Examination period 27/05/2019 to 30/06/2019  

Projects:

Select a scRNA-seq data set of interest to their own research. Then apply the data analysis methods learned in class on the data set.  

Grading:

            Project assignments           80%

            Final project presentation 20%  

Textbook:

Martin Hemberg et al. Analysis of Single-Cell RNA-Seq Data.

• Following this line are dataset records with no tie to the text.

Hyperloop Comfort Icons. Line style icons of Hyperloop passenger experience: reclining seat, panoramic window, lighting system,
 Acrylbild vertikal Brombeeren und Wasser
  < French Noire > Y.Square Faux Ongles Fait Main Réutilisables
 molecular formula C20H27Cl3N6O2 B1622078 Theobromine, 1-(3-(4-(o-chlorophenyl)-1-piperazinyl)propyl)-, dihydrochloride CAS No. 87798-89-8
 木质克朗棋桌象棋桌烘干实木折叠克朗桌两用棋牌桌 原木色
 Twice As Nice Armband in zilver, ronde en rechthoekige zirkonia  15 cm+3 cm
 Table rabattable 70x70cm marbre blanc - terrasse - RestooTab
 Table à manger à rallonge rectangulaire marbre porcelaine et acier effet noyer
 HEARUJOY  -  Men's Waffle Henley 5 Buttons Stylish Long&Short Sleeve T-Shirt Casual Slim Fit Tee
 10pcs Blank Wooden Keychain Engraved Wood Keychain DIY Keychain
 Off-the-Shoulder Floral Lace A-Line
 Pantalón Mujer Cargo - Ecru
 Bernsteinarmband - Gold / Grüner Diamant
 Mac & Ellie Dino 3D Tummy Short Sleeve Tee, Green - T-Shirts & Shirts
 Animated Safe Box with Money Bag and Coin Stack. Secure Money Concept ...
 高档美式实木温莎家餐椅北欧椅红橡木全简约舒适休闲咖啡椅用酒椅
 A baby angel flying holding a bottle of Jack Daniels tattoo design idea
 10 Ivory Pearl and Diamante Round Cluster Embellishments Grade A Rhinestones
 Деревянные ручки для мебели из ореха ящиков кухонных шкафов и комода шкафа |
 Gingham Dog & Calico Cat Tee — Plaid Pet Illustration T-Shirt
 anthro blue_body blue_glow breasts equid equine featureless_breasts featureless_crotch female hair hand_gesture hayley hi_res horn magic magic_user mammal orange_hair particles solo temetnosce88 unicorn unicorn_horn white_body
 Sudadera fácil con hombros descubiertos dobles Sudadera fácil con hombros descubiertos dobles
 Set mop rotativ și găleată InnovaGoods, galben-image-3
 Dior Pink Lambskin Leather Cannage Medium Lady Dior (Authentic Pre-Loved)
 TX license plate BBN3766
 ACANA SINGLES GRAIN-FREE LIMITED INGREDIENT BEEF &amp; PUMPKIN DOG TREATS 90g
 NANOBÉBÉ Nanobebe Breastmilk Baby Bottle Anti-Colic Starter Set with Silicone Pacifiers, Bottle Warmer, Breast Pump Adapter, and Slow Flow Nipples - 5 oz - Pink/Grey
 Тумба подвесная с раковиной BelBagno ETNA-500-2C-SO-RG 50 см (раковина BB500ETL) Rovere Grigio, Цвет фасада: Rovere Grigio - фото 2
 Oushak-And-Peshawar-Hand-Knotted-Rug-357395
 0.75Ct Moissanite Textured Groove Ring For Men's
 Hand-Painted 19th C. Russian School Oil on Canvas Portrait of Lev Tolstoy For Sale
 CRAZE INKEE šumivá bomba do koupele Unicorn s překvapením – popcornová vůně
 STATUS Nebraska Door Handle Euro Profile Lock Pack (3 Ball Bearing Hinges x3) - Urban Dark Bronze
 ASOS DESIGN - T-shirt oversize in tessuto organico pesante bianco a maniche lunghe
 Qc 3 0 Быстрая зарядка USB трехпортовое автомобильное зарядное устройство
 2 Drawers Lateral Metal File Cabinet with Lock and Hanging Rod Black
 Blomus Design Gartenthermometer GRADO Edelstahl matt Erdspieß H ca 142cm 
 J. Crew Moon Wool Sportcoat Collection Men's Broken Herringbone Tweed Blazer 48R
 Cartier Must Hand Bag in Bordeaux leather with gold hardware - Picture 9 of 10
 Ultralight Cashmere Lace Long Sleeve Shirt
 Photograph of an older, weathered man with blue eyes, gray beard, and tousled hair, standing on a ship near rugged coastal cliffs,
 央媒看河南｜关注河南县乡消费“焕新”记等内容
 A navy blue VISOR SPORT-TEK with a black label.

(PDF file will be distributed for free.)  

Topics:

Week 1. Introduction to single cell RNA sequencing

Week 2. Introduction to R and bioconductor

Week 3. Expression data quality control

Week 4. Normalization of library size

Week 5. Removing unwanted confounders

Week 6. Cluster analysis

Week 7. Gene selection

Week 8. Differential expression analysis

Week 9. Trajectory inference

Week 10. Meta-analysis

Week 11. Sequencing reads quality control

Week 12. Mapping scRNA reads to genes    

Annotation

Basic computer skills for processing, visualizing, and interpreting single-cell RNA-seq (scRNA-seq) data. Basic R programming will be introduced.

Publicly available scRNA-seq data from current biology research will be used to illustrate the steps involved in the analysis.